En effet, Olivier se hâta d’entrer chez le vétéran.


XXV.


À la vue d’Olivier, les traits du vieux marin devinrent joyeux ; ne pouvant se lever de son fauteuil, il tendit affectueusement les deux mains à son neveu, en lui disant :

— Bonjour, mon enfant.

— Bonjour, mon oncle.

— Ah çà ! il faut que je te gronde.

— Moi, mon oncle ?

— Certainement… À peine arrivé d’avant-hier, te voilà déjà en course dès l’aurore… Ce matin, je m’éveille… tout heureux de ne pas m’éveiller seul, comme depuis deux mois… je regarde du côté de ton lit… plus d’Olivier… déjà déniché !

— Mais, mon oncle…

— Mais, mon garçon, sur ton semestre, tu m’as volé près de deux mois d’absence ; un engrenage d’affaires avec ton maître maçon, m’as-tu dit… soit ; mais enfin, grâce au gain de ces deux mois, te voilà riche à cette heure, tu dois être au moins millionnaire… aussi, j’entends jouir de toi, je trouve que tu as assez gagné d’argent, vu que c’est pour moi que tu travailles. Je ne peux malheureusement pas t’empêcher de me faire des cadeaux… et Dieu sait ce qu’à cette heure tu complotes avec tes millions, monsieur Mondor ;… mais je te déclare, moi, que si maintenant tu me laisses aussi souvent seul… qu’avant ton départ… je ne reçois plus rien de toi… rien absolument.

— Mon oncle… écoutez-moi…

— Tu n’as plus que deux mois à passer ici ; je veux largement en profiter… À quoi bon travailler comme tu le fais ? Est-ce que tu crois, par hasard, qu’avec une trésorière comme maman Barbançon, ma caisse n’est pas toujours garnie ?… Il y a trois jours, je lui ai dit : — « Eh bien ! madame l’intendante, où en sommes-nous ? — Soyez tranquille, monsieur, m’a-t-elle répondu, — soyez tranquille, — quand il n’y en a plus, il y en a encore. » — J’espère qu’un caissier qui répond ainsi, c’est fièrement rassurant.

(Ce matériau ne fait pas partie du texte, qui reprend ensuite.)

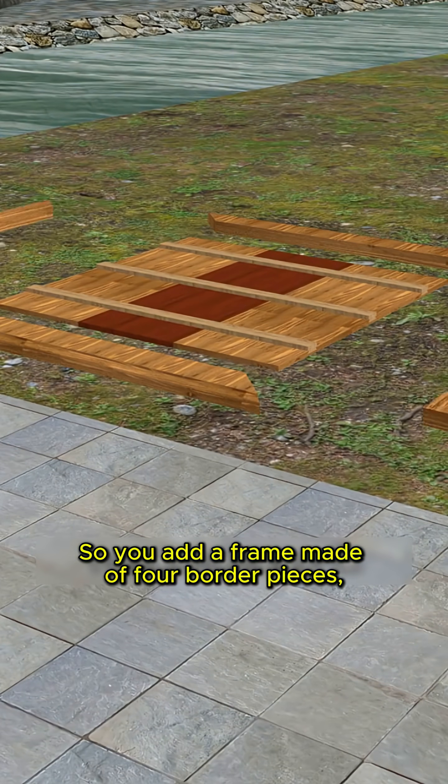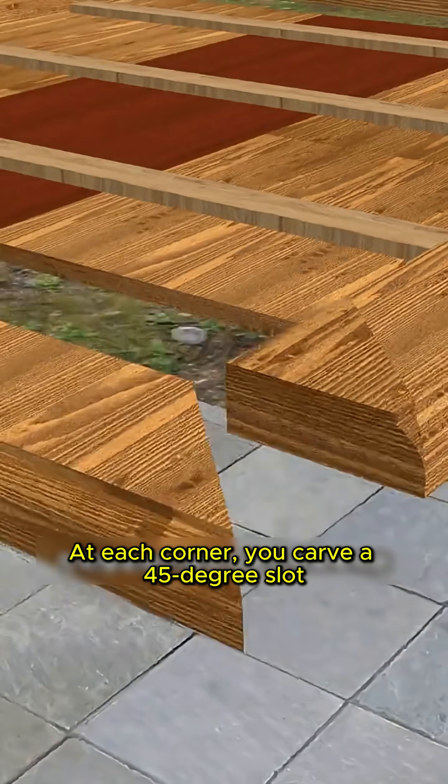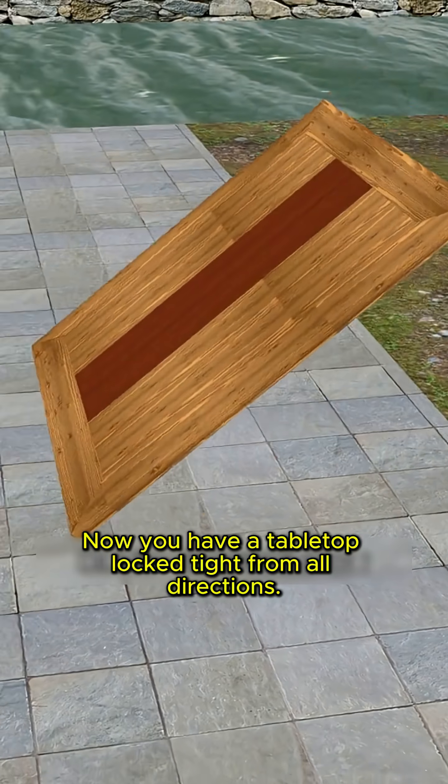So you add a frame made up of border pieces, letting the sliding joints press against the frame. At each corner, you carve a 45-degree slot to insert a corner locking joint and reinforce it with a boutique key. Now you have a tabletop locked tight from all directions.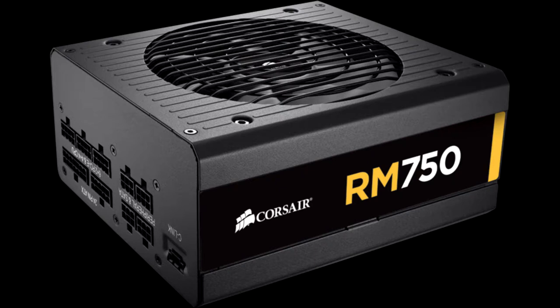Its main downsides are its small differences from the RM750X, which comes with the top-notch NR135L fan and Japanese capacitors, the lack of an option to deactivate the semi-passive operation, and the mediocre performance of the 3.3V rail and transient loads.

— Allons, mon oncle, — dit Olivier, — voulant rompre cet entretien qui l’attristait et l’embarrassait, — je vous promets de vous quitter, désormais, le moins possible. Maintenant, autre chose… Pouvez-vous recevoir Gerald ce matin ?

— Parbleu ! Ah ! quel bon et loyal cœur que ce jeune duc ! Quand je pense que durant ton absence il est venu plusieurs fois me voir et fumer son cigare avec moi ! Je souffrais comme un damné… mais il me mettait un peu de baume dans le sang. — Olivier n’est pas là, mon commandant, me disait ce digne garçon : c’est à moi d’être de planton auprès de vous.

— Bon Gerald ! dit Olivier avec émotion.

— Oui… va, il est bon… car enfin un jeune homme du beau monde comme lui, quitter ses plaisirs, ses maîtresses, les amis de son âge, pour venir passer une ou deux heures avec un vieux podagre comme moi, c’est du bon cœur, cela… Mais je ne fais pas le fat… C’est à cause de toi que Gerald vient ainsi me voir, mon brave enfant… parce qu’il savait te faire plaisir.

— Non, non, mon oncle, — c’est pour vous, et pour vous seul, croyez-le bien…

— Hum… hum…

— Il vous le dira lui-même tout à l’heure, car il m’a écrit hier pour savoir s’il nous trouverait ce matin.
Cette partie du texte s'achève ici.